Wenn man es regional betrachtet, hat Europa durchaus größere Herausforderungen als die USA. Das liegt einfach an der Natur der Europäischen Union und auch an den Unterschieden, die wir von Norden bis Süden haben, sowie an den geopolitischen Auseinandersetzungen und der Energiekrise. Dagegen ist die US-amerikanische Wirtschaft generell robuster, auch wenn die Aussichten derzeit durch die massiven Zinsschritte der US-Notenbank etwas eingetrübt sind. Die Fed strebt mit ihrer Zinspolitik einen klaren Wendepunkt bei der Inflation an. Aus unserer Sicht scheinen die USA derzeit der attraktivere Markt, auf der Rentenseite, genauso wie auf der Aktienseite.

Investoren sollten strategisch überlegen welche Unternehmen in den USA solide und ertragreich wirtschaften und weniger anfällig für höhere Zinsen und die weltweiten geopolitischen Auseinandersetzungen sind. US-Unternehmen, die hauptsächlich inländische Umsätze erwirtschaften und stark am US-amerikanischen Heimatmarkt verankert sind, können von der wirtschaftlichen Stärke der USA profitieren. Diese Unternehmen haben aus unserer Sicht auch ein moderateres Risiko als etwa globale Unternehmen, die einen großen Teil ihrer Umsätze in Asien und Europa erwirtschaften. Investments wie beispielsweise in den S&P 400 Index, der die Mid-Caps in den USA abbildet, oder in den Russel 2000 Index, der die kleinen US-Unternehmen abbildet, sind Ideen, um von der wirtschaftlichen Stärke der US-amerikanischen Wirtschaft zu profitieren.

Tipp: ETF-Empfehlungslisten – hier findest du die besten ETFs zu allen wichtigen Anlageklassen.

Wenn wir einen Ausblick auf SPDR für das nächste Jahr wagen, was steht da bevor?

Wir wollen zukünftig noch stärker partnerschaftlich mit Banken, Direktbanken und Online-Brokern zusammenarbeiten, um Anlegern einen besseren und auch günstigeren Zugang zu unseren SPDR ETFs zu schaffen. Unsere hochwertigen und kostengünstigen ETFs sollen noch mehr Privatanlegern helfen ihre finanziellen Ziele zu erreichen. Wir legen großen Wert auf unsere Transparenz und Verlässlichkeit als ETF-Anbieter.

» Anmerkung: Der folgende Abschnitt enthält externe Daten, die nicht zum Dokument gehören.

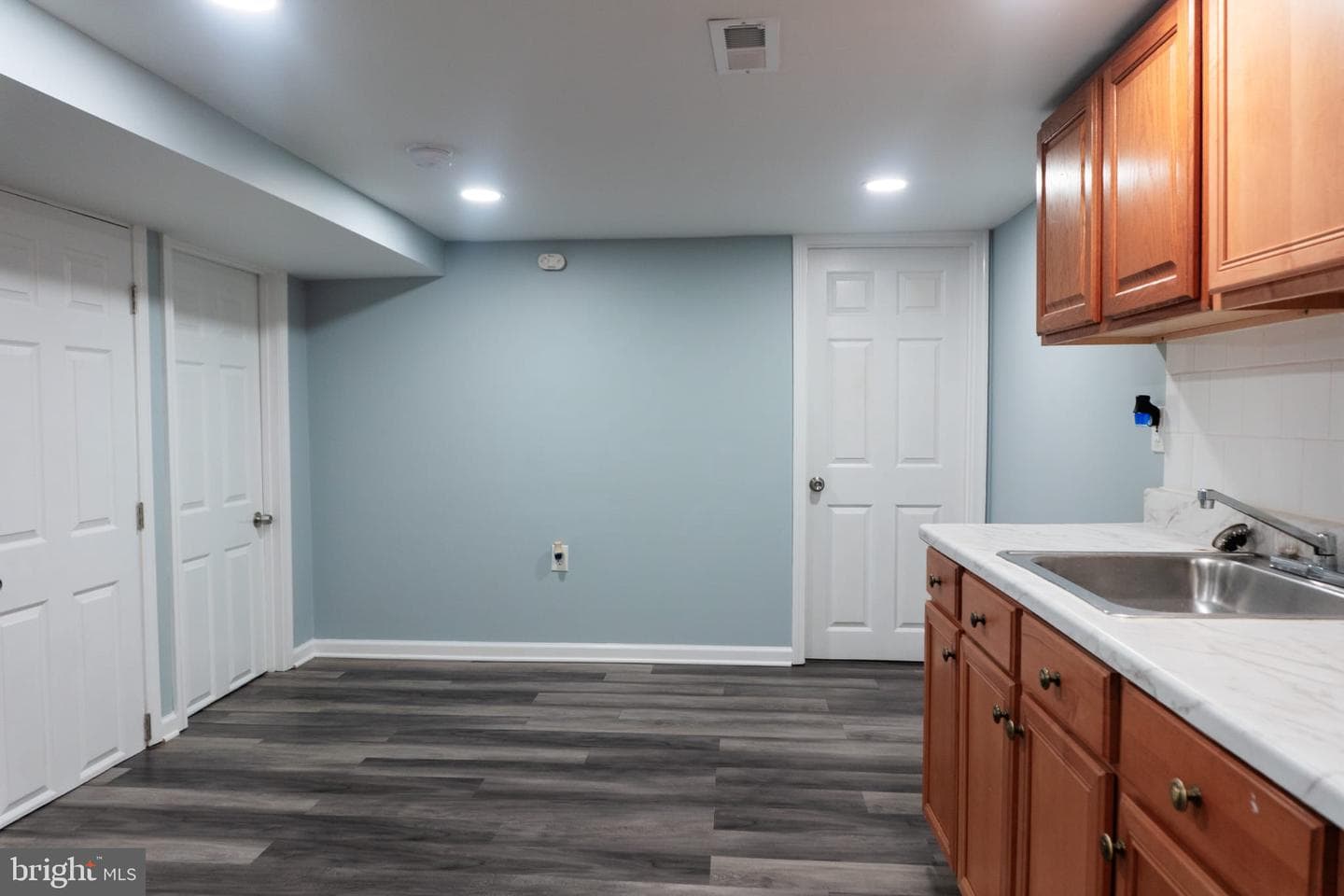 842 Guilford Avenue photo 12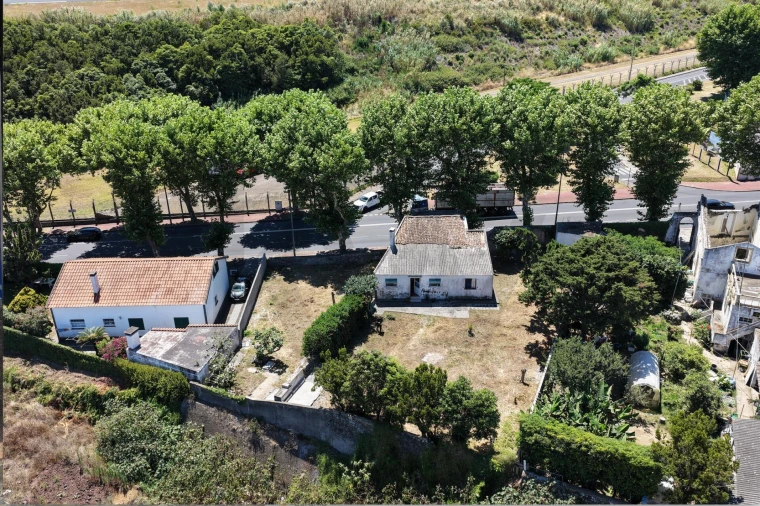 Moradia T2 para Venda em Santa Clara Foto 25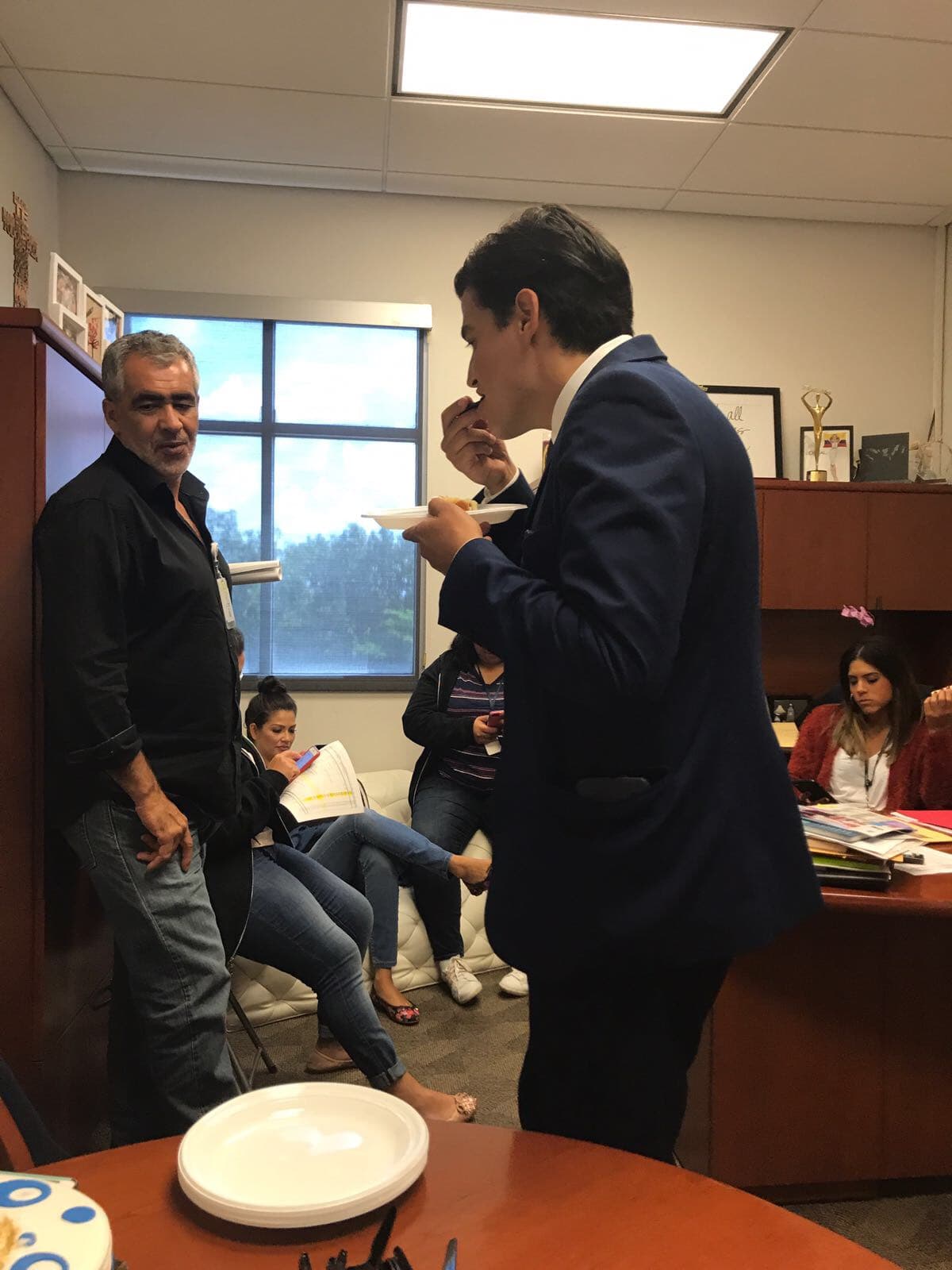 El pastel estaba delicioso y él fue el primero en probarlo. ¡Felicidades Orlando!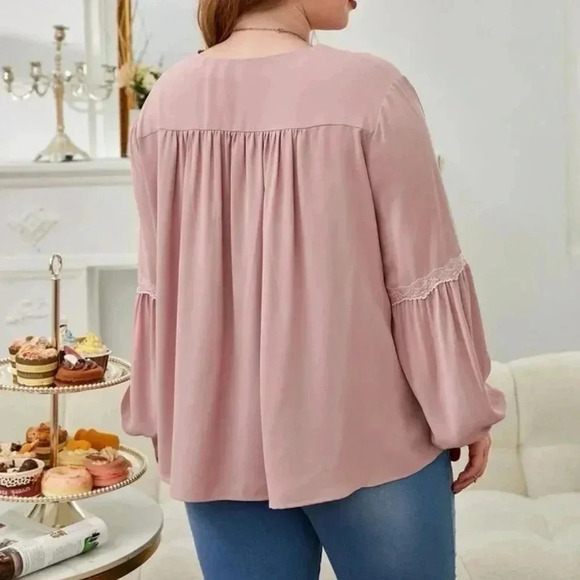 SHEIN Plus Floral Jacquard Contrast Lace Lantern Sleeve Peplum Blouse, XXL, NWOT - Picture 2 of 2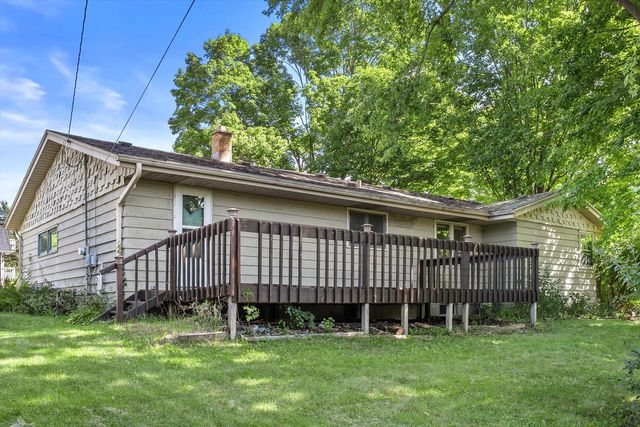 1915 Miller STREET, West Bend, WI 53095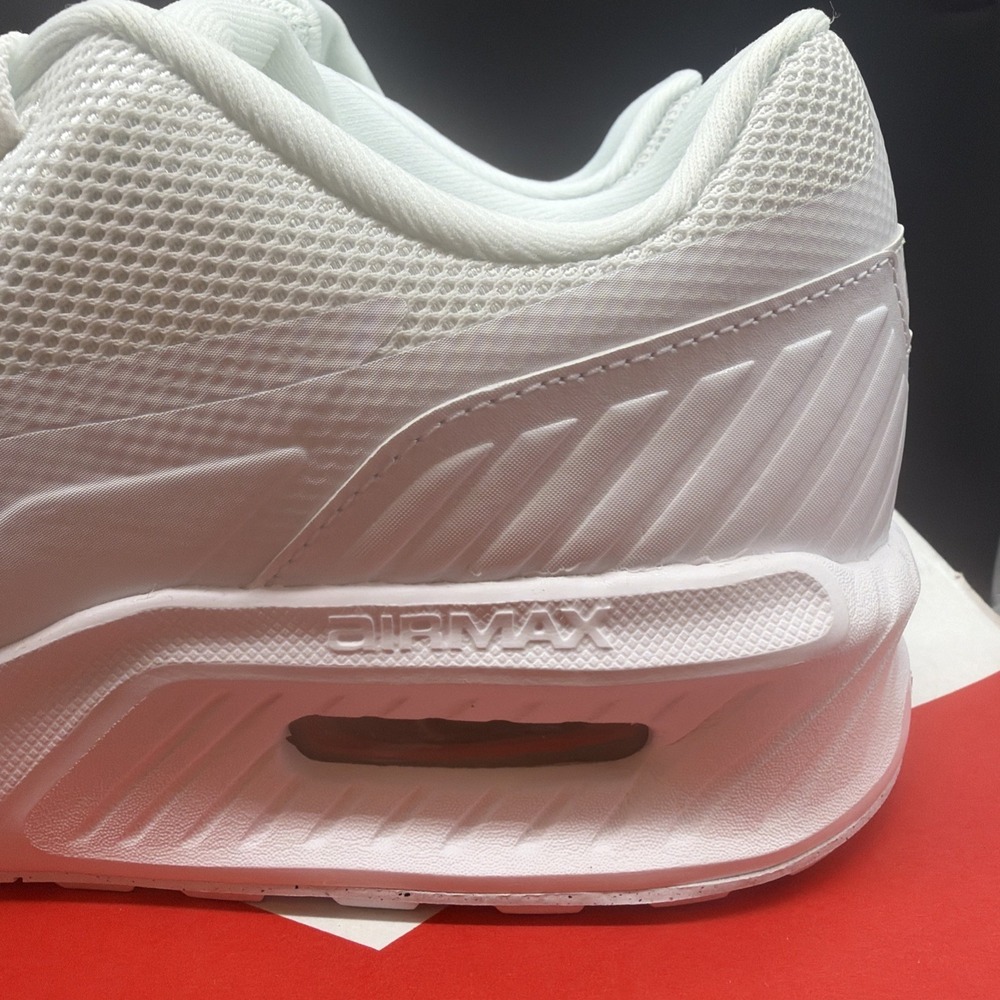 NEW Nike Air Max BIA White Black Grey Tennis SHOES Men's 8.5 Womens 109414-100 - Picture 2 of 9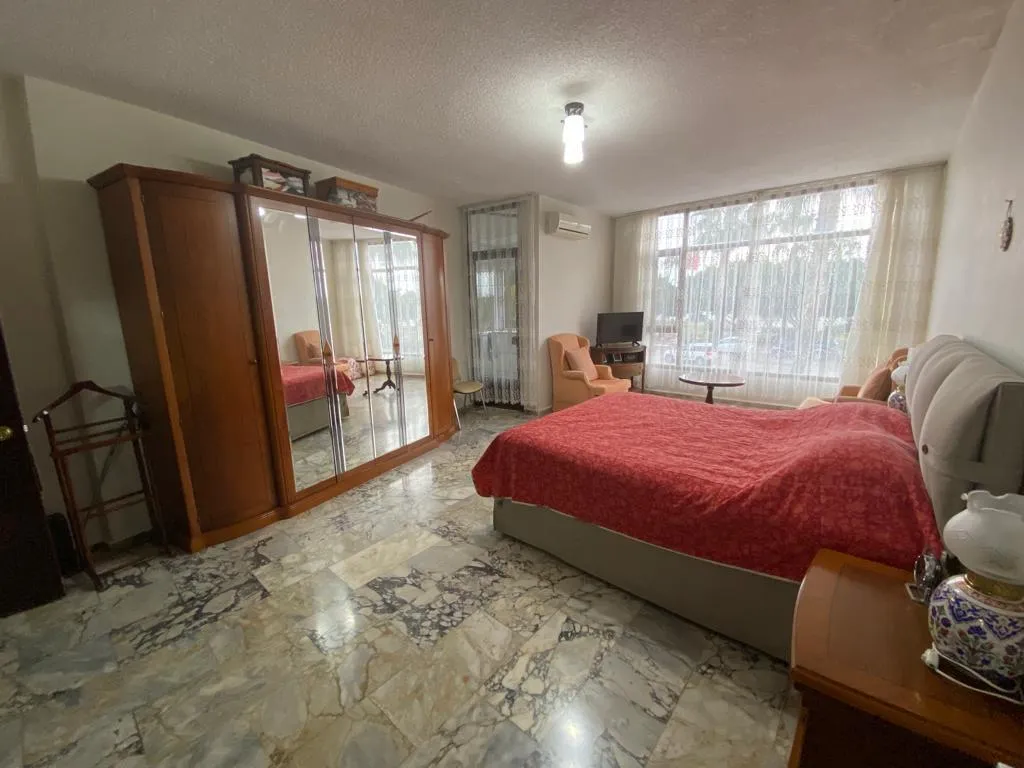 Мерсин Мезитли 3+1 дуплекс дом на берегу моря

Beispielsweise haben wir keine synthetischen ETFs im Angebot, das heißt, Anleger können sich darauf verlassen, dass das, was als Anlageklasse auf unserm Produkt steht, auch drin ist. Außerdem verzichten wir auf das Verleihen der Wertpapierleihe in unseren Renten- und breiten Aktien-ETFs. In einem immer schneller wachsenden ETF-Markt, bei dem es für Privatanleger immer mehr ungeeignete ETF-Produkte gibt, wollen wir der vertrauensvolle und verlässliche Partner unserer Anleger sein.

Welche Trends sehen Sie am Aktienmarkt und am Anleihenmarkt für 2023?

Trends gibt es immer eine ganze Menge aber die Frage ist, ob Anleger davon wirklich profitieren. In den letzten Jahren haben wir viele Mittelzuflüsse in Richtung thematischer ETFs gesehen. Wir glauben, dass Anleger dabei aber sehr genau hinschauen und überlegen sollten, ob es sich wirklich um ein langfristiges Investment-Thema handelt. Es gibt zahlreiche Studien, die belegen, dass Themen und Trends häufig in Fonds und ETFs aufgegriffen werden, nachdem diese schon eine sehr starke Wertentwicklung hinter sich hatten. Wenn man dann die zukünftige Wertentwicklung über einen längeren Zeitraum betrachtet, zum Beispiel über fünf oder zehn Jahre, bleiben diese Themen-Investments häufig hinter der Wertentwicklung des Gesamtmarktes zurück.

Wir von SPDR sind überzeugt, dass eine ausgewogene Anlage aus breit gestreuten globalen Aktien- und Renten-ETFs dem Anleger langfristig die besten Ertragsaussichten beschert. So können Anleger zum Beispiel mit dem MSCI ACWI IMI Index den gesamten weltweiten Aktienmarkt von über 9000 einzelnen Unternehmen mit nur einem ETF abdecken und so von der Wertentwicklung der gesamten Weltwirtschaft profitieren.